🏠 House Price Prediction - Regression & Classification Models

📹 Presentation Video

≈

📋 Project Overview

This project predicts house prices using machine learning, implementing both regression (predicting exact price) and classification (predicting price category: Low/Medium/High) approaches.

Dataset

Name: Global House Purchase Decision Dataset
Size: 200,000 entries, 27 features
Target: Property price prediction

Main Goals

Predict house prices using regression models
Classify properties into price categories (Low/Medium/High)
Compare multiple ML algorithms and select the best performers

🔍 Exploratory Data Analysis (EDA)

Price Distribution

Key Insights:

Price distribution is slightly right-skewed
Most properties fall in the low-to-medium price range
Outliers exist in the high-price segment

Correlation Analysis

Key Findings:

Property size has the strongest correlation with price
Location features (country, city) significantly impact price
Customer salary shows moderate correlation with purchase decisions

Feature Distributions

🛠️ Feature Engineering

New Features Created (9 total):

property_age = 2025 - constructed_year
rooms_to_bathrooms_ratio = rooms / (bathrooms + 1)
total_amenities = garage + garden
size_category = Small/Medium/Large bins
safety_score = 1 / (crime_cases + legal_cases + 1)
financial_capacity = customer_salary - monthly_expenses
is_new_property = 1 if property_age <= 5
high_satisfaction = 1 if satisfaction >= median
location_quality = neighbourhood_rating + connectivity_score

One-Hot Encoding

Encoded: country, city, property_type, furnishing_status, size_category
Created ~60 binary columns

Polynomial Features

property_size_sqft², customer_salary², property_age²
Interaction terms (e.g., property_size × customer_salary)

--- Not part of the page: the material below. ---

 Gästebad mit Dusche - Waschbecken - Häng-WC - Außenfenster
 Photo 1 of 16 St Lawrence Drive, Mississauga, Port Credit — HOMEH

Final Feature Count: 78 features

🎯 K-Means Clustering

Elbow Method for Optimal K

Selected K = 4 based on the elbow curve

Cluster Visualization (PCA)

Cluster Interpretation:

Cluster	Property Age	Salary	Purchase Rate	Characteristics
0	Older (50 yrs)	Low (~$29k)	18%	Budget buyers, older properties
1	Older (33 yrs)	High (~$79k)	22%	Affluent buyers
2	Newer (17 yrs)	Low (~$29k)	18%	First-time buyers, new builds
3	Older (33 yrs)	Medium (~$50k)	35%	Sweet spot - highest purchase rate

📈 Part 1: Regression Models

Baseline Model (Linear Regression - Part 3)

R²: 0.1945 (19.45%)
MAE: 0.4168
RMSE: 0.5345

Improved Models with Engineered Features (Part 5)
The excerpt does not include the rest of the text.